2.14. Attorneys’ Fees and Cost of Collection. In the event of any action at law or in equity to enforce or interpret the terms of this Agreement or any of the other exhibits hereto, the parties agree that the party who is awarded the most money shall be deemed the prevailing party for all purposes and shall therefore be entitled to an additional award of the full amount of the attorneys’ fees and expenses paid by such prevailing party in connection with the litigation and/or dispute without reduction or apportionment based upon the individual claims or defenses giving rise to the fees and expenses. Nothing herein shall restrict or impair a court’s power to award fees and expenses for frivolous or bad faith pleading.

 

2.15 Buyer’s Representations and Warranties.

 

(a) Purchase for Own Account. Buyer is acquiring the Securities solely for its own account and beneficial interest for investment and not for sale or with a view to distribution of the Securities or any part thereof, has no present intention of selling (in connection with a distribution or otherwise), granting any participation in, or otherwise distributing the same, and does not presently have reason to anticipate a change in such intention.

 

(b) Ability to Bear Economic Risk.

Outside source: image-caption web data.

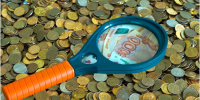 В Челябинской области средняя заработная плата превысила 75 тысяч рублей - Полит74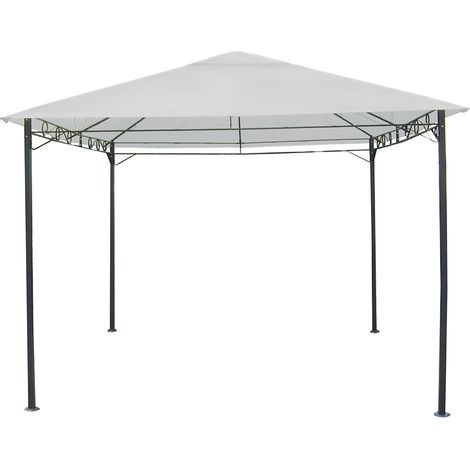 Gazebo 'Echos' Mt 3 X 4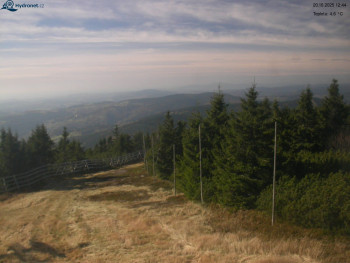 Snímek    20.10.2025 v 12:47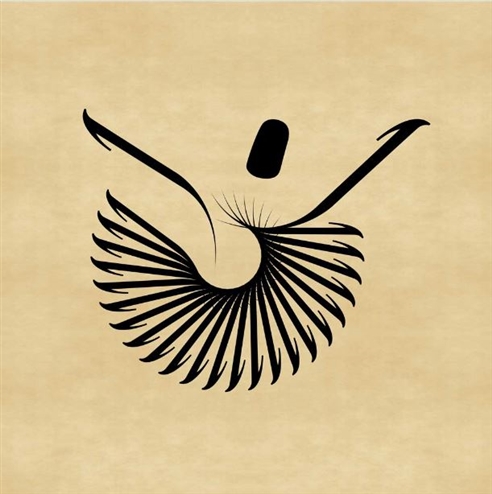 Kanvas tablo en ucuz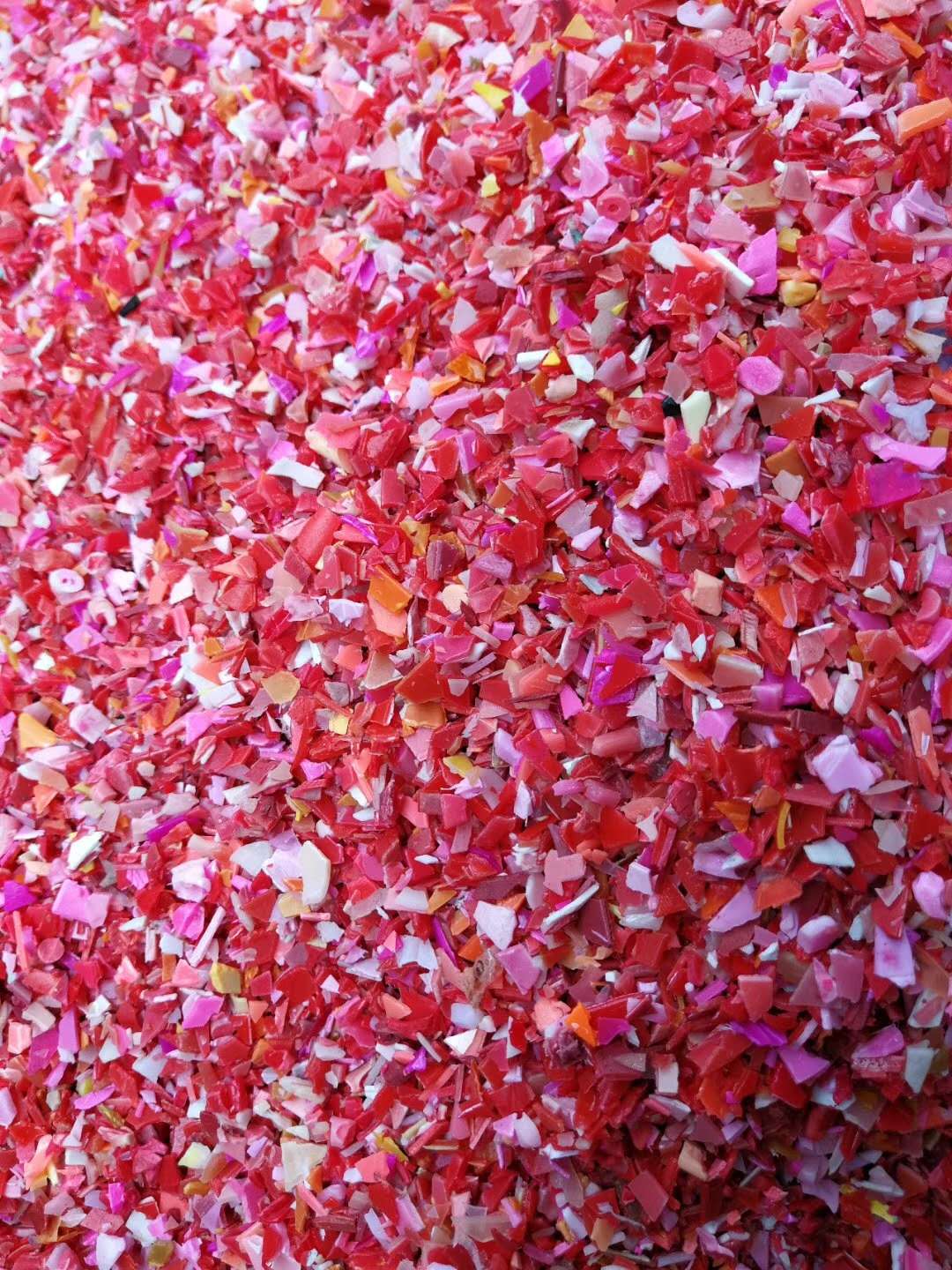 pp破碎料廠家直銷|湛江pp破碎料|pp破碎料報價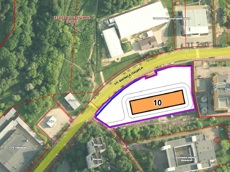 ГП16980042.Территория.Подъездные пути.jpg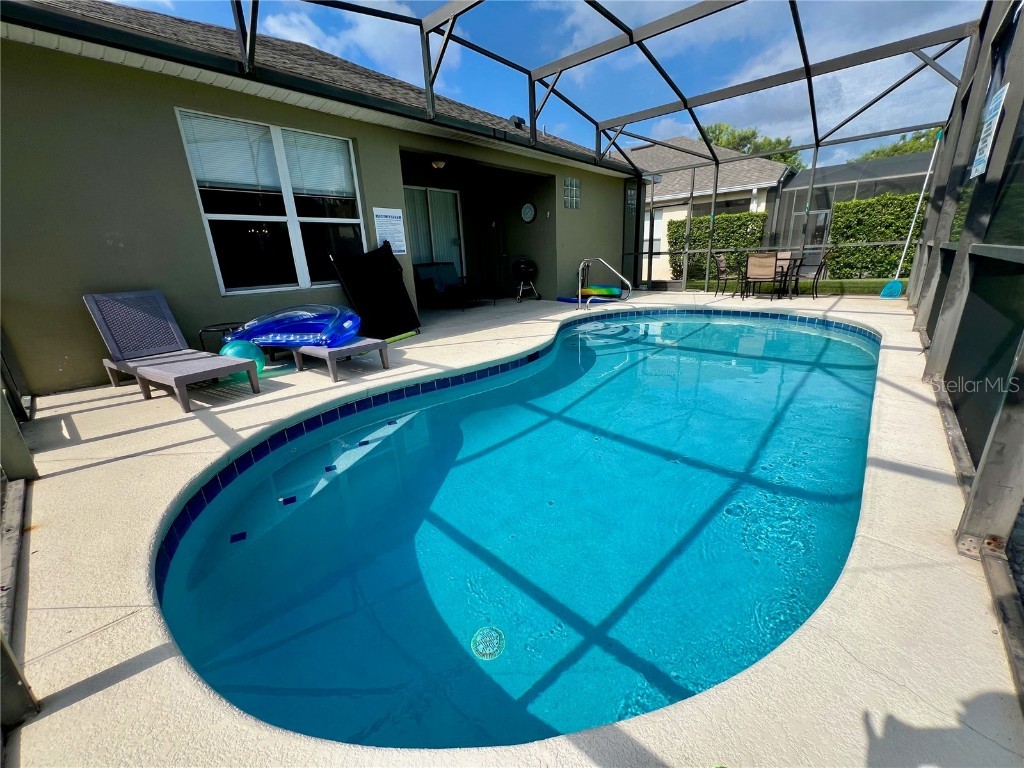 8127 Fan Palm Way Kissimmee FL 34747 S5135831 image3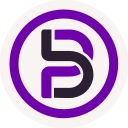 Purple Beard Ltd logo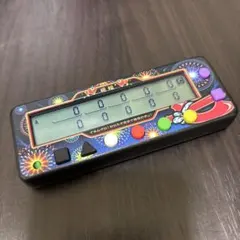 2026年最新】カチカチ君 ハナビの人気アイテム - メルカリ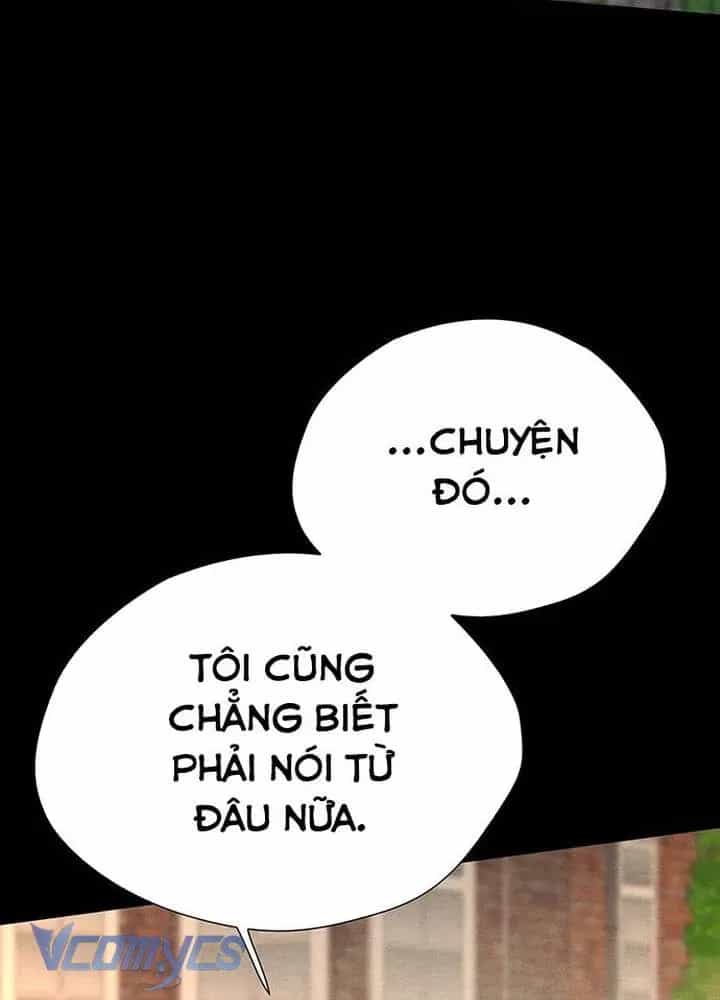 Hoàng Tử Rắc Rối - Chương 30 - ảnh 17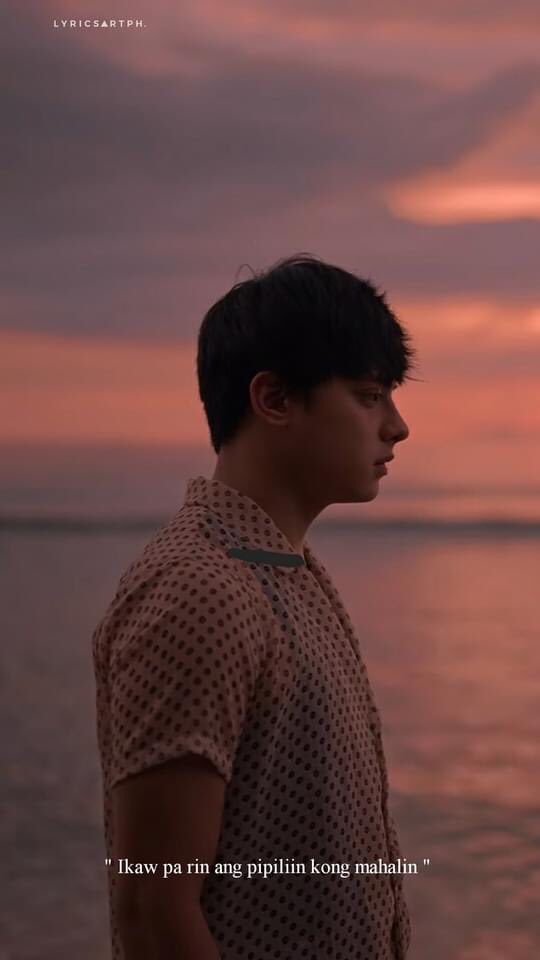 LyricsArtPH's tweet photo. Ben&amp;Ben x Kathniel // Sa Susunod na Habang Buhay #KathNielxBenAndBenxJMS https://t.co/7r6BSV6qCs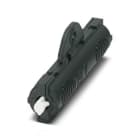 PHOENIX CONTACT - PV-FT-TEST PIN CONNETTORE FOTOV.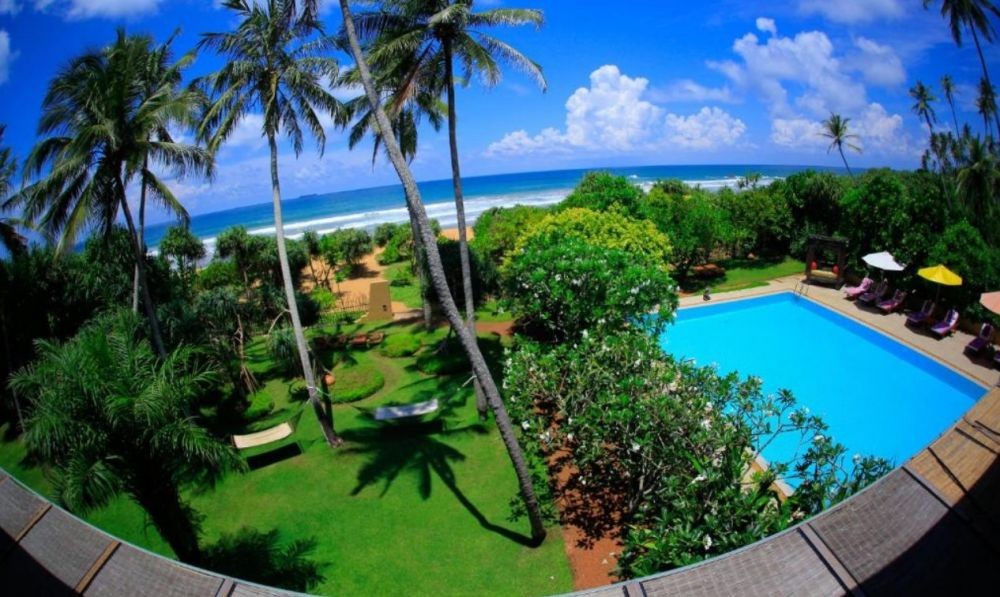 Aditya Boutique 5*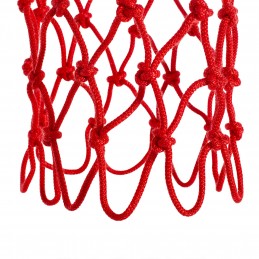 Juego redes baloncesto net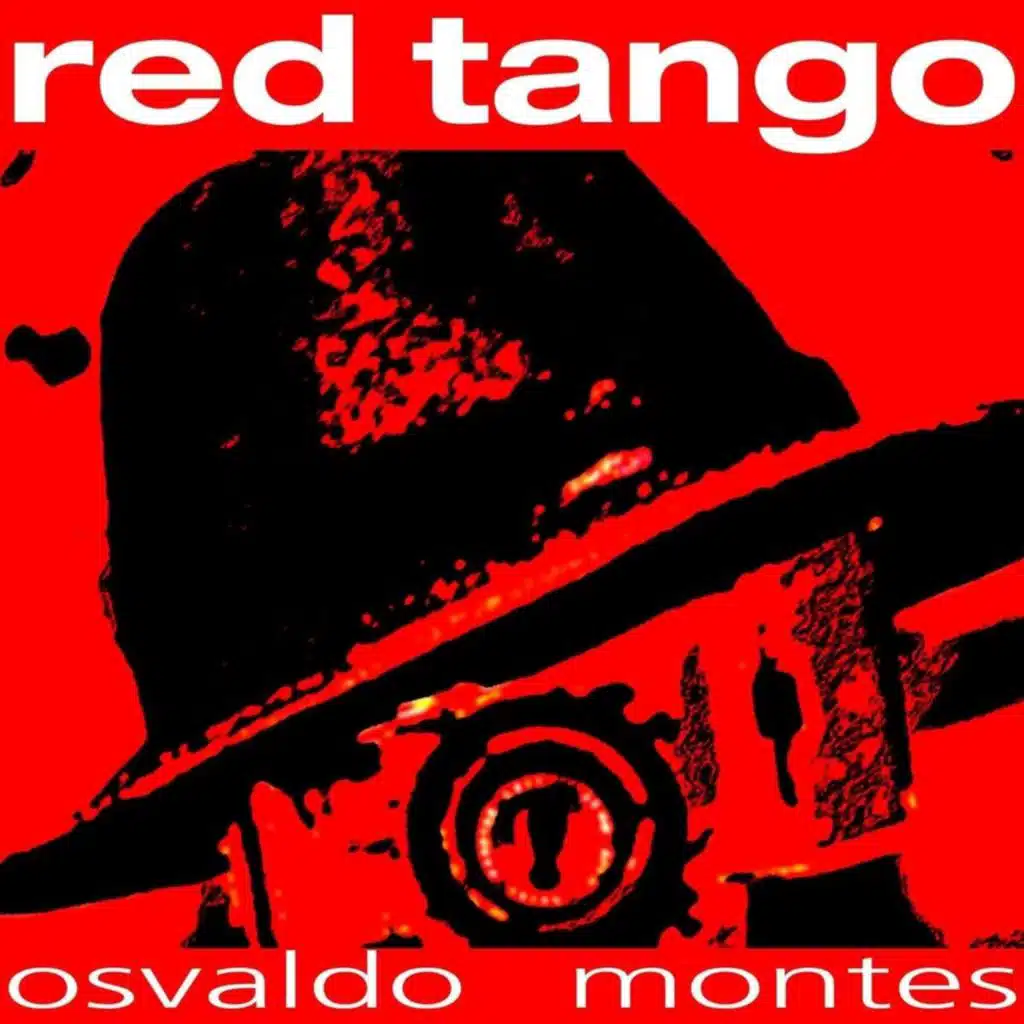 Red Tango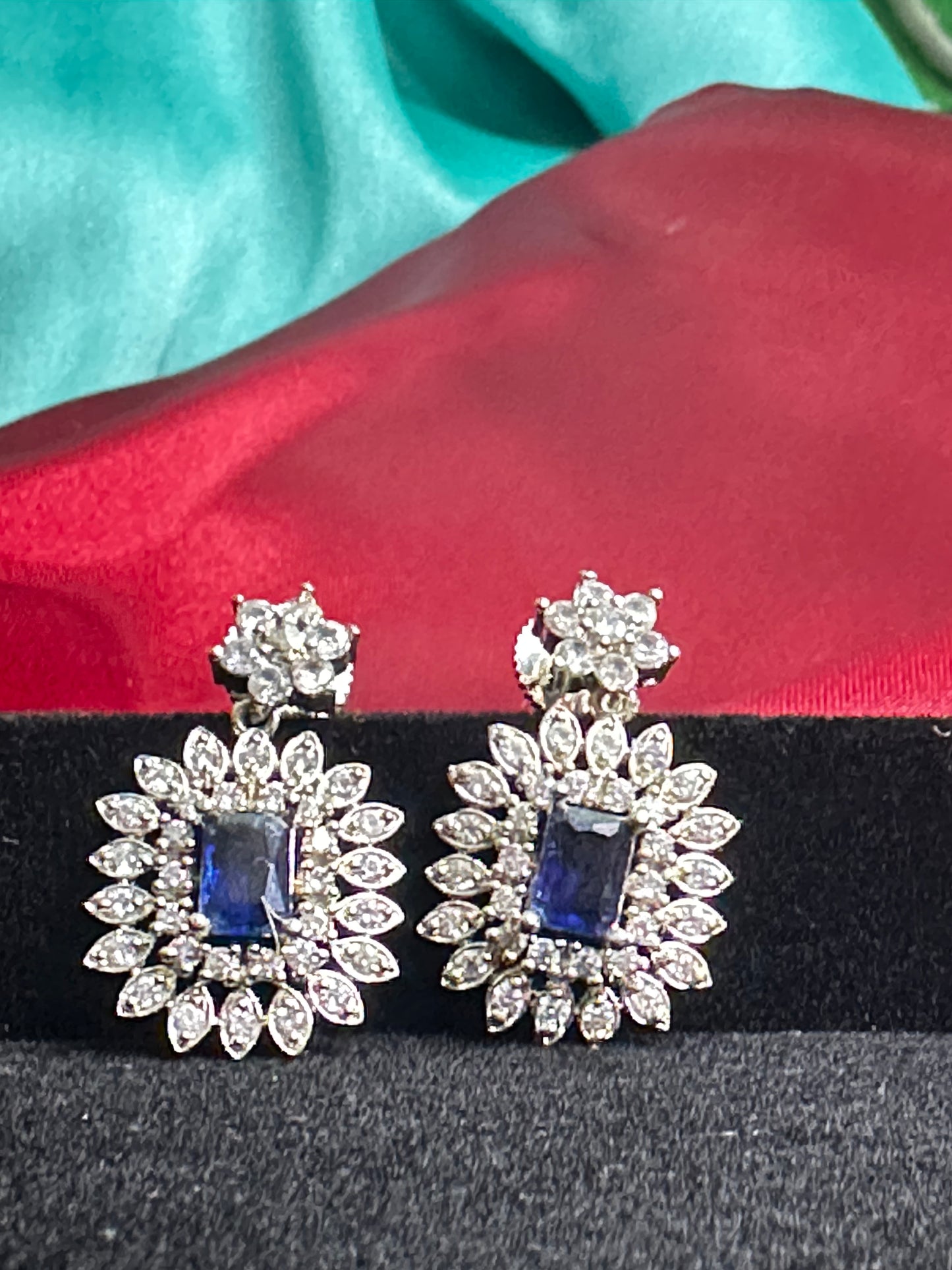 Kohinoor Neela - NGB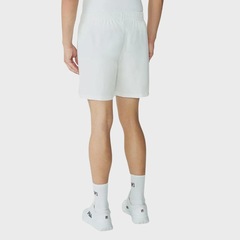 Shorts Fila Match II 6" - Masculina - Foto 3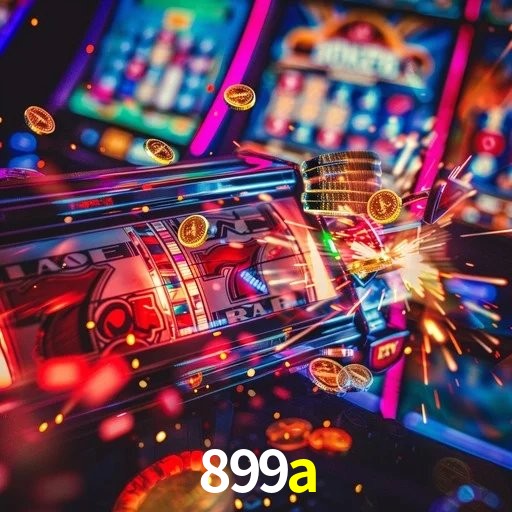 Programa VIP 899a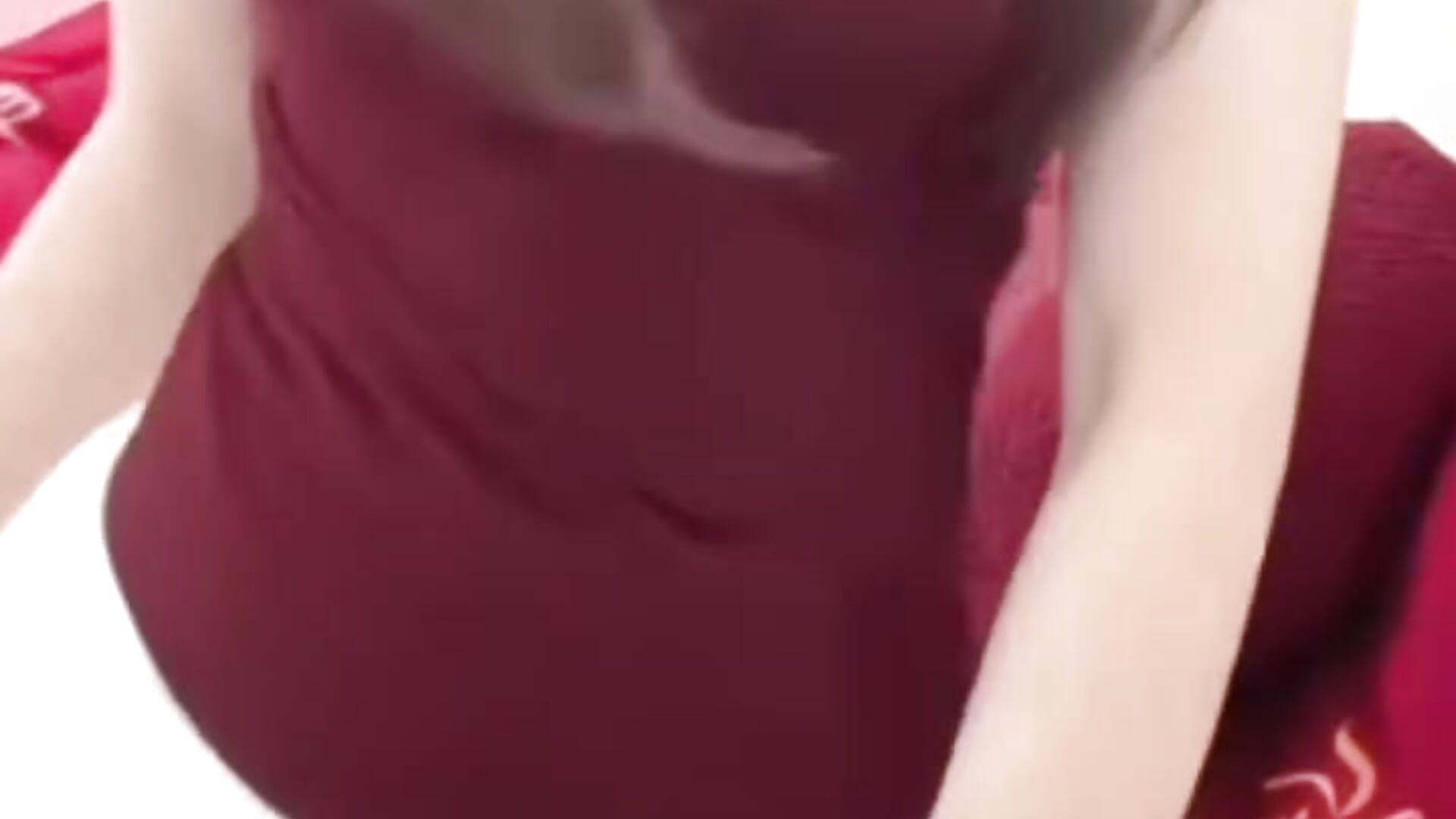 Happy New Year 2026❤️❤️ 🌲🌲 – video od ezabel-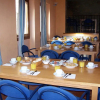 Отель Albergue de Juventud - Hostel, фото 12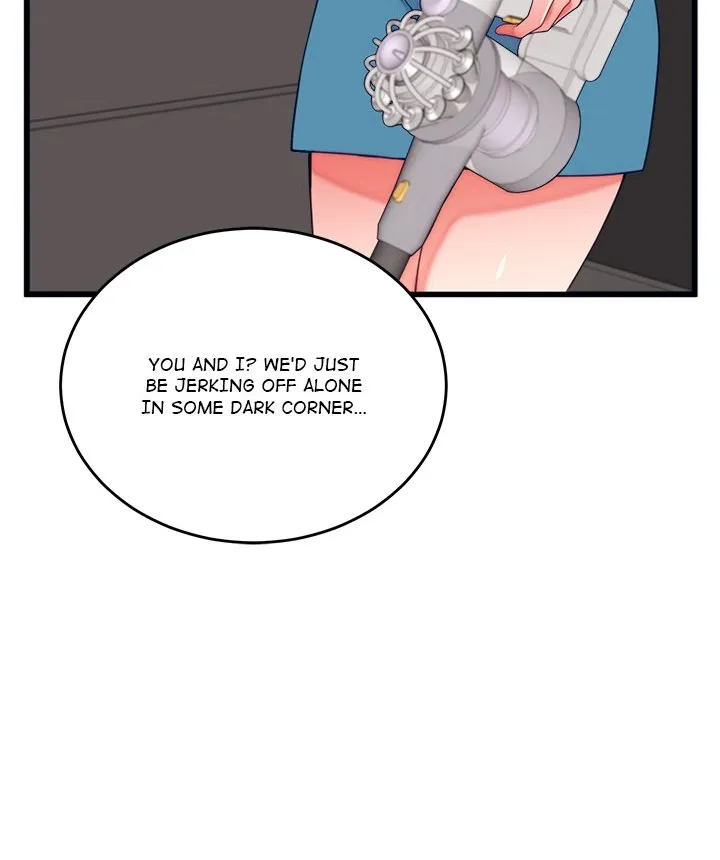 From Pauper to Prince Chapter 11 page 28 -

Buyer acknowledges that an investment in the Securities involves a high degree of risk, and represents that it is able, without materially impairing its financial condition, to hold the Securities for an indefinite period of time and to suffer a complete loss of its investment.

 

(c) Access to Information. The Buyer acknowledges that the Buyer has been furnished with such financial and other information concerning the Company, the directors and officers of the Company, and the business and proposed business of the Company as the Buyer considers necessary in connection with the Buyer’s investment in the Securities. As a result, the Buyer is thoroughly familiar with the proposed business, operations, properties and financial condition of the Company and has discussed with officers of the Company any questions the Buyer may have had with respect thereto. The Company’s financial statements represent current outstanding obligations, including tax obligations. The Company believes they will pay off these obligations either through a capital raise or through structured payments.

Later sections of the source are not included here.